QUESTIONS & ANSWERS
Content Areas: Dental Plan Design, Administration, and Regulatory Environment
1. Which of the following is the primary purpose of dental benefits in an insurance
plan?
A) To provide financial assistance for routine medical treatments.
B) To help policyholders cover the cost of preventive, basic, and major dental
procedures.
C) To provide coverage for vision and hearing services.
D) To reduce the overall cost of healthcare premiums.
Answer:
B) To help policyholders cover the cost of preventive, basic, and major dental
procedures.
Rationale:
Dental insurance is primarily designed to reduce out-of-pocket costs for dental services,
including preventive care (e.g., cleanings), basic services (e.g., fillings), and major
procedures (e.g., root canals, crowns).
2. Which of the following is a key benefit of preventive dental care?
A) It reduces the need for expensive dental procedures.
B) It eliminates the need for dental insurance.
C) It covers emergency dental care services.

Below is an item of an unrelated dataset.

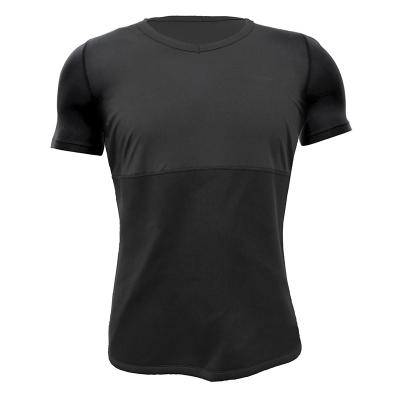 China Antibacterial Sauna Hot Men Workout Sweat Neoprene Body Shaper Short Sleeve Slimming Shirts For Weight Loss for sale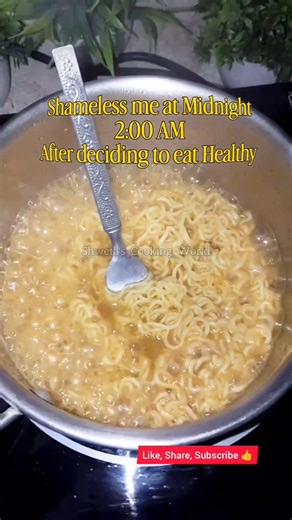 When Hunger Strikes at 2:00 AM/ Plain Maggi Recipe in 2-Minute #shorts #viral #trending #foodvlog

D) It is not covered by dental insurance plans.
Answer:
A) It reduces the need for expensive dental procedures.
Rationale:
Preventive care, such as regular exams and cleanings, can detect early dental problems and
help avoid more costly treatments in the future.
3. Which of the following is typically NOT covered by most dental insurance plans?
A) Routine checkups and cleanings.
B) Orthodontic treatments for adults.
C) Emergency dental services.
D) Fillings and extractions.
, Answer:
B) Orthodontic treatments for adults.
Rationale:
While orthodontic treatments are often covered for children, many dental plans do not
provide coverage for adult orthodontics unless a specific rider is purchased.
4. What is a key feature of a Dental Health Maintenance Organization (DHMO) plan?
A) It offers more flexibility in choosing dental providers.
B) It requires the policyholder to choose a primary care dentist who coordinates care.
C) It typically has no copays for dental services.
D) It allows out-of-network care with higher coverage.
Answer:
B) It requires the policyholder to choose a primary care dentist who coordinates care.
Rationale:
DHMO plans require members to select a primary care dentist who will coordinate all care
and referrals, and they often have lower premiums compared to other dental plans.
5. How does a Preferred Provider Organization (PPO) dental plan typically work?
A) It provides no coverage for out-of-network care.
B) It allows the policyholder to see any dentist, but offers better coverage for in-
network providers.
C) It requires the policyholder to get a referral for specialist care.
D) It only covers dental emergencies.
Answer:
B) It allows the policyholder to see any dentist, but offers better coverage for in-network
providers.
Rationale:
PPO dental plans provide greater flexibility in choosing dental providers. While you can see
out-of-network providers, your benefits will generally be higher if you use in-network
dentists.
6. What is the typical cost-sharing structure in most dental insurance plans?
A) A set monthly premium with no out-of-pocket costs for services.
B) A monthly premium, deductibles, copayments, and coinsurance.
C) Only out-of-pocket costs for major dental procedures.
D) A high deductible but no coinsurance or copays.